*PROVIDED RECORDS:*

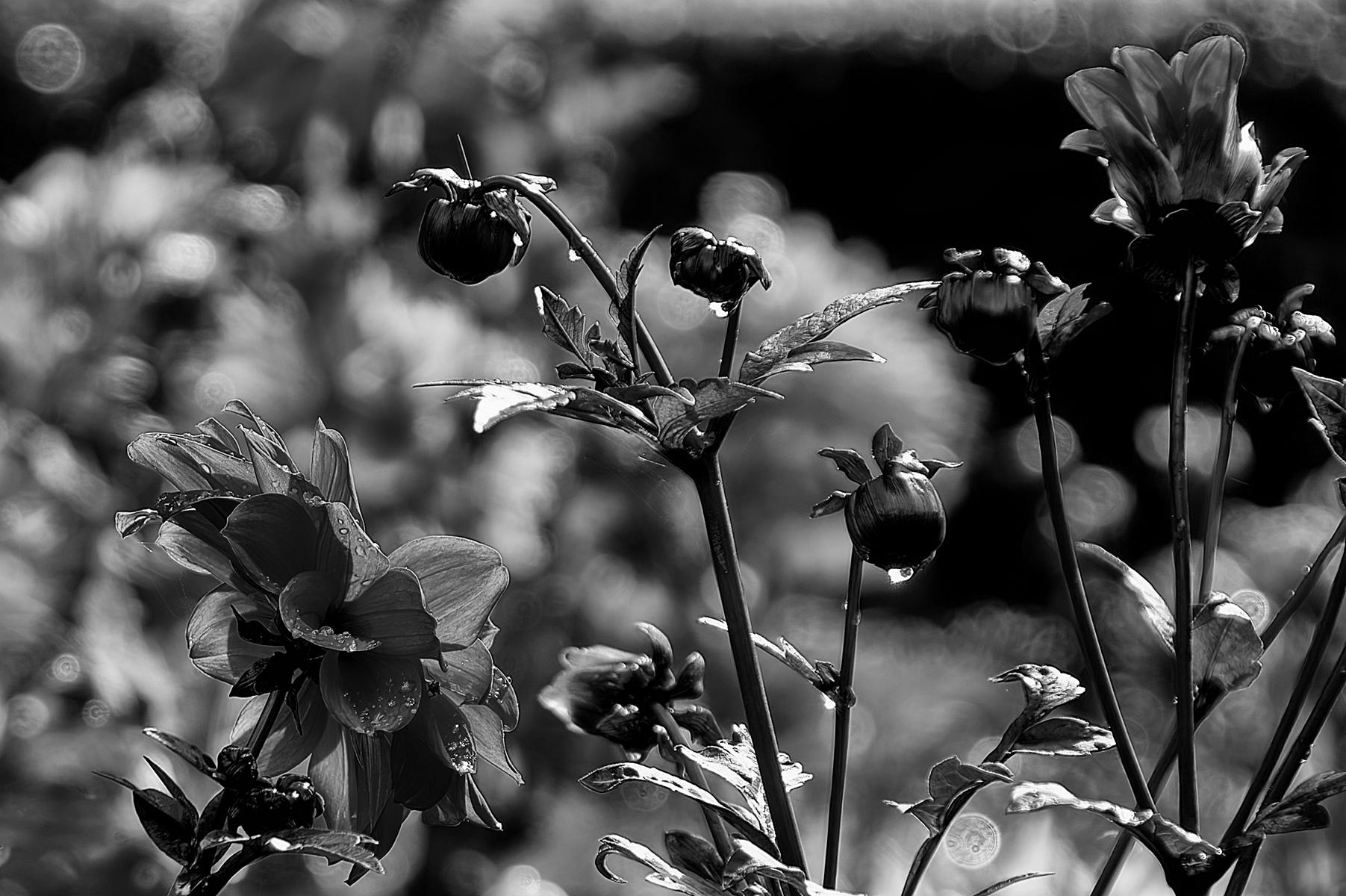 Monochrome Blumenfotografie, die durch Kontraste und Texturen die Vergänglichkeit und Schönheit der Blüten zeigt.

---

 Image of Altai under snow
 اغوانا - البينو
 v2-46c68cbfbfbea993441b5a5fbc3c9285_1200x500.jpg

--

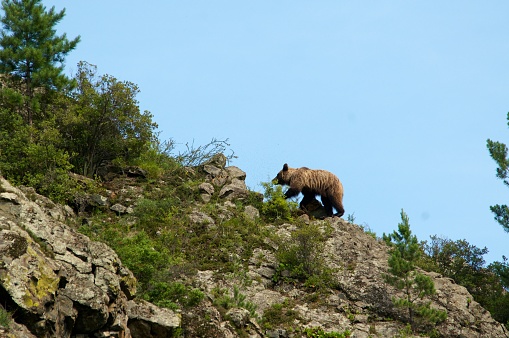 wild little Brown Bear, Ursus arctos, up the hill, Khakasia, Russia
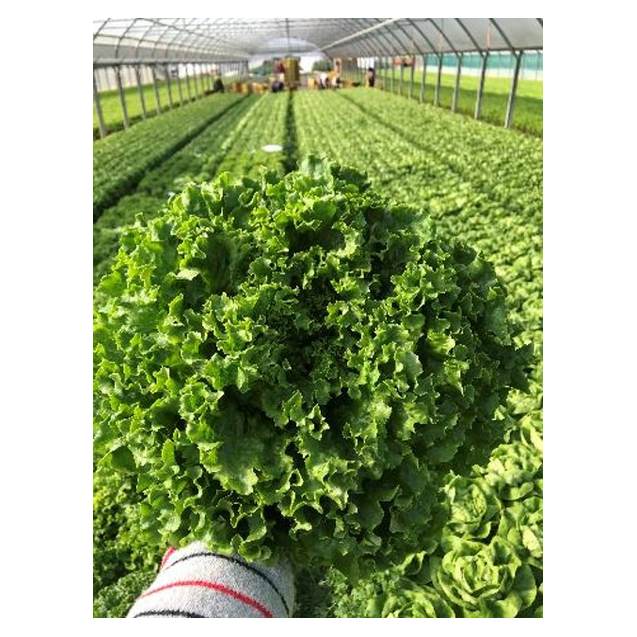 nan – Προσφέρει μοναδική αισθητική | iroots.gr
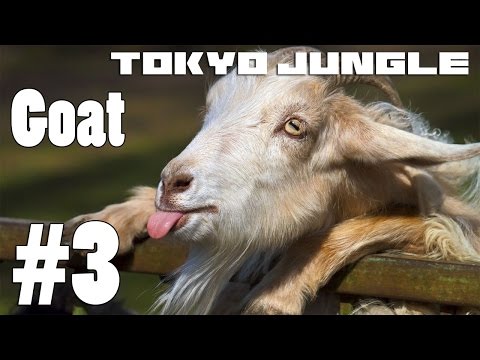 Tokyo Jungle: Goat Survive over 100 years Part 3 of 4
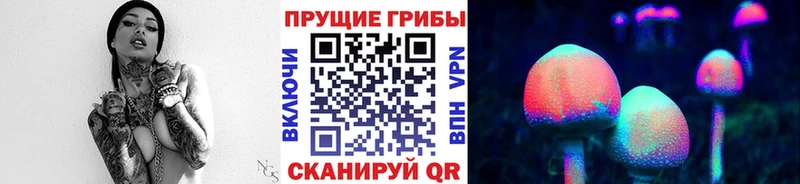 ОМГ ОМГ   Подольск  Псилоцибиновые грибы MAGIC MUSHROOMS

*PROBLEM:*
Leave the pictures out. Output, exactly, the lines of the material above starting at the line containing "Tokyo Jungle: Goat" and ending at the line containing "грибы MAGIC MUSHROOMS".

*EXERCISE RESPONSE:*
 Tokyo Jungle: Goat Survive over 100 years Part 3 of 4
 ОМГ ОМГ   Подольск  Псилоцибиновые грибы MAGIC MUSHROOMS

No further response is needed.